Protocole Fantôme vise à allier sens du grand spectacle et art de la mise en scène.

Cela va essentiellement passer, comme je le mentionnais, par la réutilisation des codes employés par J.J. Abrams dans M:I3. Nous parlions à ce sujet de la volonté qui émanait de ce précédent film de revenir aux bases de la licence, d’en saisir de nouveaux les piliers fondateurs tout en les tordant un petit peu pour en offrir une nouvelle version mais sans les dénaturer comme a pu le faire Woo en 2000. Brad Bird s’emploie alors avec Protocole Fantôme à réaliser le même travail, construit sur les mêmes idées directrices.

La scène de la poursuite dans la tempête de sable rappelle qu’on peut créer une intensité dans l’action tout en étant dans la retenue.

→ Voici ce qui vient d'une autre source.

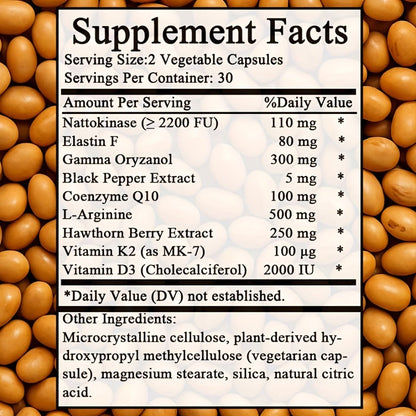 Blood Circulation Supplement Nattokinase with Gamma Oryzanol – Natural Enzyme Formula for Blood Vessel Cleanse, Circulatory System & Heart Health Support – Cardiovascular Wellness Daily Capsules – 60 Count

C’est ainsi qu’à l’instar de Mission: Impossible III, ce film-ci va tâcher de proposer un équilibre aussi parfait que possible entre l’action et l’espionnage, l’un ne devant pas trop empiéter sur l’autre, au risque de créer un film qui ne s’imprègnerait pas suffisamment de l’esprit de la série. Fort heureusement, Protocole Fantôme s’offre le luxe de maîtriser cet équilibre mieux encore que ne le faisait son prédécesseur. En un peu plus de deux heures, le scénario tâche d’alterner les scènes dans ces deux registres, aussi distincts que complémentaires dans le cadre de cette licence. C’est ainsi qu’à la scène de traque en ouverture, qui brille plus par son ambiance que son action, succède celle mémorable de l’évasion de Hunt. Parallèlement, l’infiltration au Kremlin (espionnage) précède l’évasion de Hunt (action) qui précède elle-même le classique briefing en équipe (espionnage). Le film va ainsi constamment jongler entre action et espionnage ou, pour préciser un peu mieux ma pensée, entre séquences où l’ambiance feutrée prime et d’autres où c’est au contraire le dynamisme qui prévaudra. Notons cependant que les deux se mêlent régulièrement comme c’est le cas avec la fameuse séquence du Burj Khalifa de Dubaï, caution « grand spectacle » de ce quatrième épisode. Répondant à la lettre à ce qui semble être devenu le cahier des charges officiel de la licence, ce passage, de l’arrivée de l’équipe dans la tour à la fin de la tempête de sable, semble finalement synthétiser tout ce que Protocole Fantôme tâche de faire, le point-clé étant la coexistence des différents registres dans lesquels évoluent le film et la série dont il dépend. Tout ce qui se déroule à Dubaï se fait alors dans une très bonne association de tons, laquelle est révélatrice d’une écriture de qualité de la part de Nemec et Appelbaum. La succession de l’escalade de la tour puis de cette organisation en parallèle des deux rencontres mises en place en urgence se fait alors dans une fluidité exemplaire et sans que quoi que ce soit dénote trop par rapport à autre chose. C’est au final l’un des points forts de Protocole Fantôme que cette capacité à passer d’une ambiance à l’autre, d’un rythme à l’autre également, le tout en un claquement de doigts mais avec un naturel bienvenu.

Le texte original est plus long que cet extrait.